Those policy goals have been directly complemented by potential partners from the private sector looking to establish new
markets and build new businesses, rather than just do single deals.
Achieving the goals of both public and private sector has been difficult given the innovative nature of PPPs, the expertise
they require on both sides and the costs of development. But this difficulty has been compounded by the fact that, for
education, central government is not the procuring authority: PPP deals are done by individual LEAs, schools, colleges and
universities. These factors of innovation, cost and devolved procurement have generated issues and potential barriers that
have had to be tackled in order to make progress in establishing PPPs in education:
Market knowledge and expectations
Market capacity and capability
Market knowledge and expectations
Interesting the private sector in opportunities for PPPs in education has required them first to understand how schools,
colleges and universities are funded and controlled. Many potential partners and their funders understand the school and
university sectors through past involvement and provision of debt. They know less about the more recent college sector.
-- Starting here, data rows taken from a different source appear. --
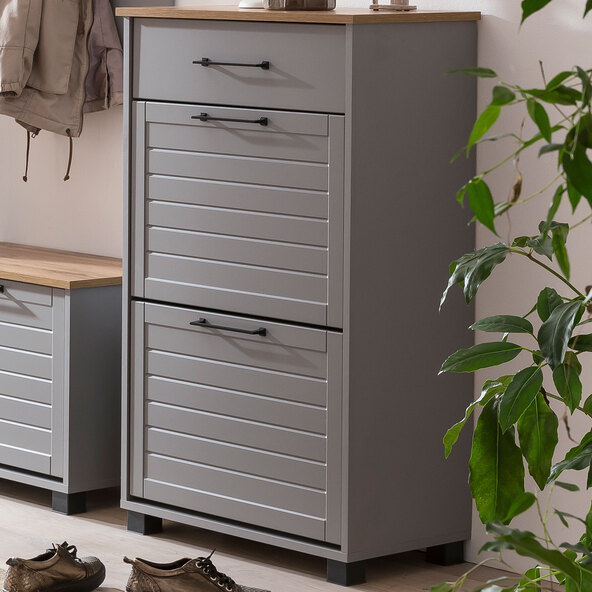 Dulap pantofi Jelda 620, gri platină/stejar rustic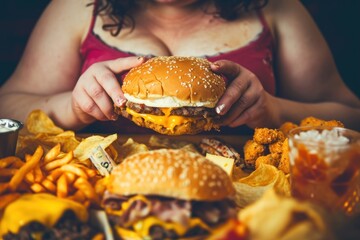 Overweight woman eating hamburger and chips. Junk food concept. Overweight. Overeating Concept....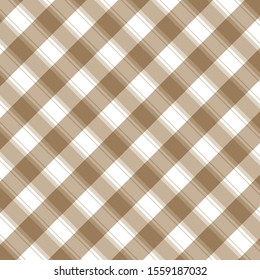 Checkered brown and white check pattern background,vector illustration,Gingham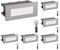 ledscom.de 6 Stück LED Treppenlicht/Wandeinbauleuchte für innen und außen, eckig, edelstahl, 123 x 60mm, warmweiß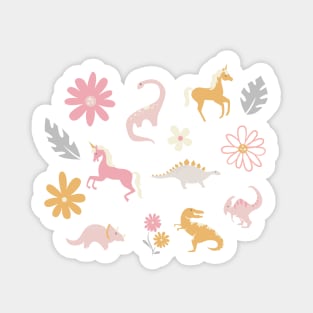 Dinosaurs + Unicorns - Gray Sticker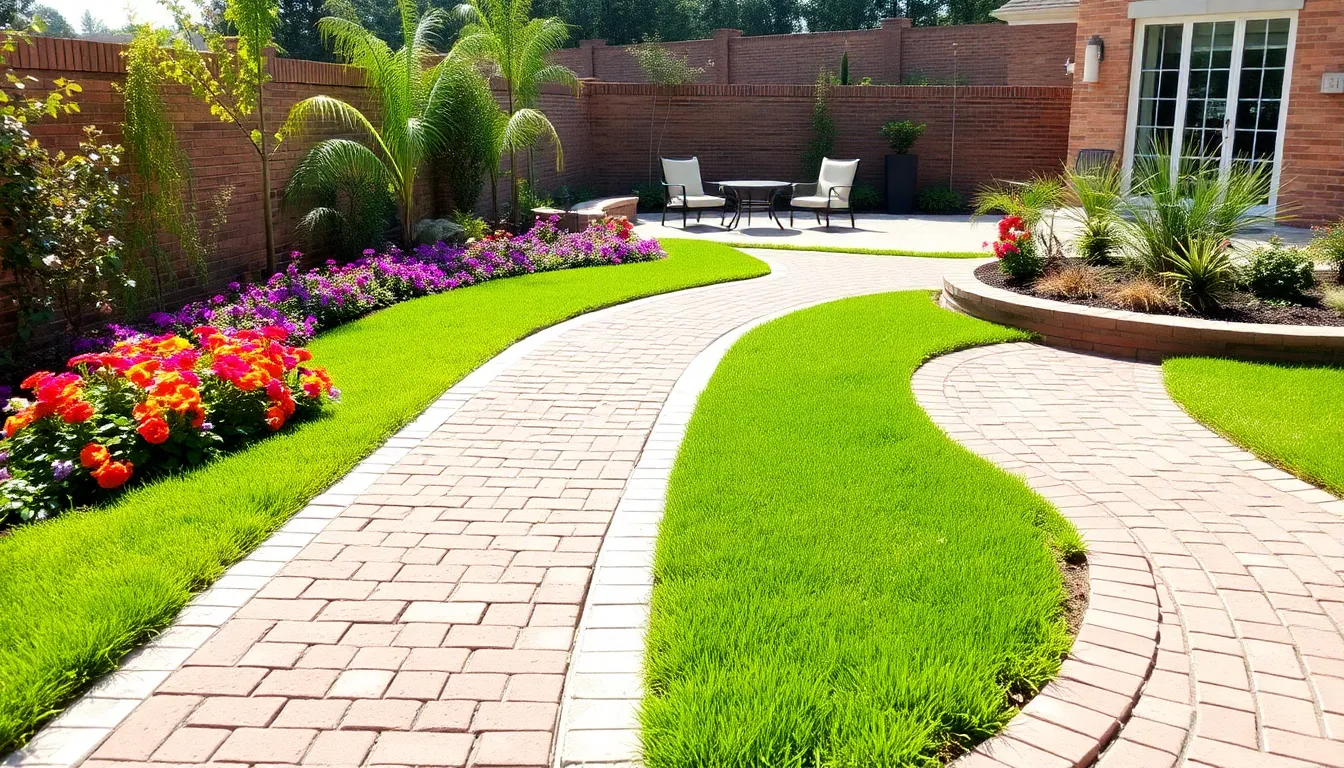 landscape design showcasing brick pathways and vibrant flower beds.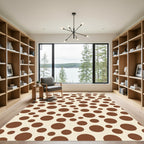Brown Circles Cream Background Rug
The private sector has raised concerns about the powers of LEAs to enter into PPP deals and, for universities and colleges,
about their financial stability or covenant strength. Each of these concerns has been successfully addressed: in the case of
LEAs through amending regulations; and for universities and colleges through publishing material clarifying how the
funding councils work with individual institutions to ensure their viability and financial stability.
In addition, the private sector has had to be convinced that the projected flow of funds to education institutions is such that
the volume of future business will be sufficient to justify the outlay necessary to gear up to enter into partnerships. The first
PPP deals have involved prospective partners in significant investment in order to assemble the teams needed to complete
the deal and cover other costs of bidding (such as legal fees).
Clear government plans showing a rising line of funding for education have helped to convince the private sector that in
principle institutions will be able to afford entering into PPP deals. The development of substantial earmarked funding for
deals in the schools sector has however made the biggest difference. LEAs can apply for additional revenue support from
central government ("PFI credits") to help meet the costs of a PPP deal throughout its duration. In total, revenue to support
over £1.3 billion of investment is being made available over the period 1997-2002. This additional funding gives an assured
volume of future business within a defined period.
Other private sector concerns have focused on whether:
PPP deals in education would be large enough to be viable;
despite a healthy flow of projects, costs would remain high because approaches developed in one project would not be
replicable in another; and
the quality of projects coming to market would be reliable. Variation in quality would increase the risk that that some
projects on which bid costs had been incurred would not prove to be viable.
Issues of deal size have principally concerned the costs of developing a bid and undertaking negotiations, and the cost and
availability of capital. The vast majority of completed deals have been below £20 million in capital value, with many
involving less than £10 million of investment - rather less than early estimates of the minimum viable deal size. These
deals have proved viable principally because the potential size of the market has proved highly attractive to the private
sector. Some progress in tackling the key causes of high procurement and bid costs through increased standardisation has
probably also contributed. The developing expertise of professional advisers and bidders may be another factor.
Interest in achieving greater economies of scale, however, still remains high. Both public and private sectors frequently
express interest in 'bundling' of deals so that costs can be shared and documentation re-used. 'Bundling' also offers the
prospect of access to cheaper sources of funding.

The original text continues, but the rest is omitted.